ACTION ITEM: Return the lines of the data below, from the one containing "table basse de" through the very last, exactly and with both ends included; no pictures.

MATERIAL PROVIDED:
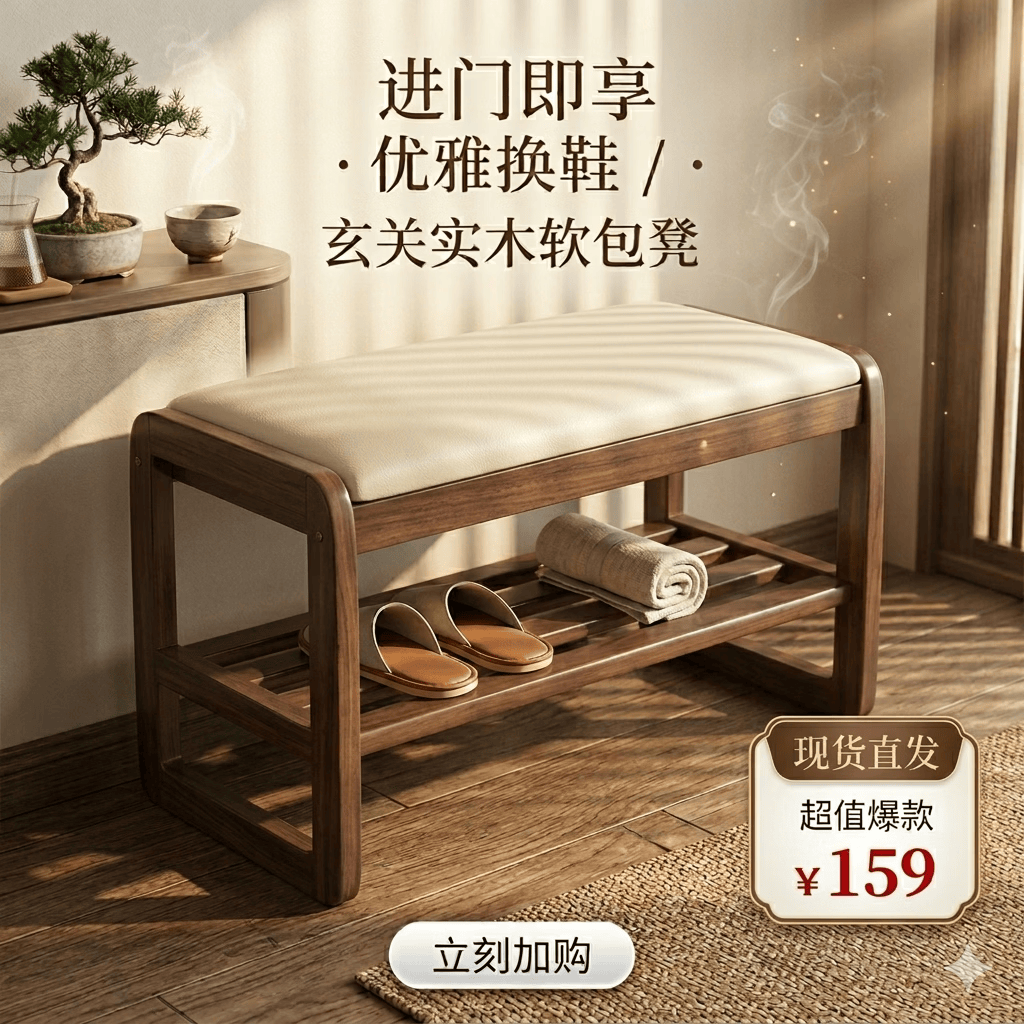 贝柚实木换鞋凳家用入户门口穿鞋凳一体鞋架鞋柜储物坐凳 70cm胡桃色|升级加固款【AAA级橡胶木】 送货上门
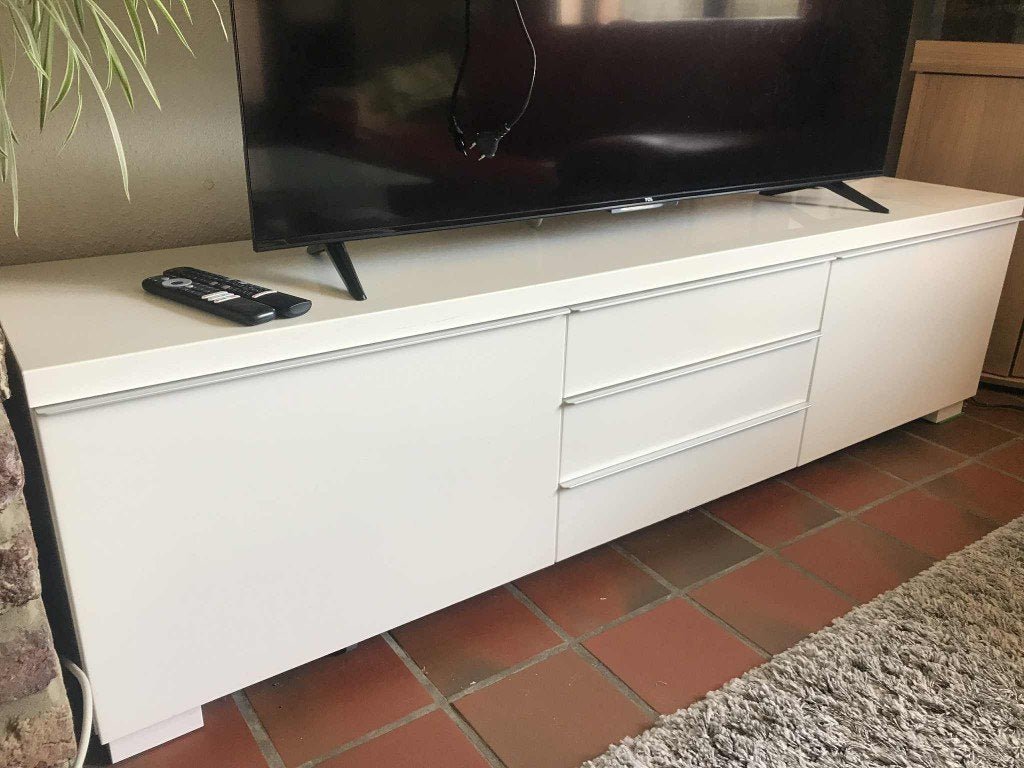 table basse de salon et meuble TV blanc et moderne, Enlèvement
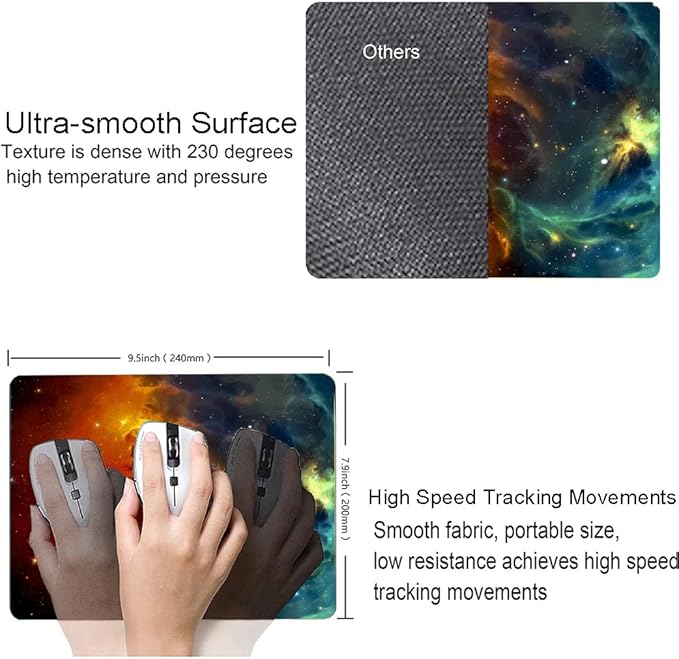 Mouse Pad, Galaxy Mouse Pad, Square Waterproof Mouse Pad Non-Slip Rubber Base - Image 3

SOLUTION TO THIS TASK:
 table basse de salon et meuble TV blanc et moderne, Enlèvement
 Mouse Pad, Galaxy Mouse Pad, Square Waterproof Mouse Pad Non-Slip Rubber Base - Image 3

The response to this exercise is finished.